What \p{Digit} means (and hence \d except under the /a modifier) is \p{General_Category=Decimal_Number}, or synonymously, \p{General_Category=Digit}. Starting with Unicode version 4.1, this is the same set of characters matched by \p{Numeric_Type=Decimal}. But Unicode also has a different property with a similar name, \p{Numeric_Type=Digit}, which matches a completely different set of characters. These characters are things such as CIRCLED DIGIT ONE or subscripts, or are from writing systems that lack all ten digits.

The design intent is for \d to exactly match the set of characters that can safely be used with “normal” big-endian positional decimal syntax, where, for example 123 means one ‘hundred’, plus two ‘tens’, plus three ‘ones’. This positional notation does not necessarily apply to characters that match the other type of “digit”, \p{Numeric_Type=Digit}, and so \d doesn’t match them.
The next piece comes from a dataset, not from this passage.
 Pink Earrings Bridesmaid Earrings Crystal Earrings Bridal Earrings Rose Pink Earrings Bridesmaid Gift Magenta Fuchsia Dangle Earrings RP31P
Any character not matched by \d is matched by \D.

Word characters

\w and \W

https://perldoc.perl.org/perlrecharclass#Word-characters

A \w matches a single alphanumeric character (an alphabetic character, or a decimal digit); or a connecting punctuation character, such as an underscore (_); or a “mark” character (like some sort of accent) that attaches to one of those. It does not match a whole word. To match a whole word, use \w+. This isn’t the same thing as matching an English word, but in the ASCII range it is the same as a string of Perl-identifier characters.

There are a number of security issues with the full Unicode list of word characters. See http://unicode.org/reports/tr36.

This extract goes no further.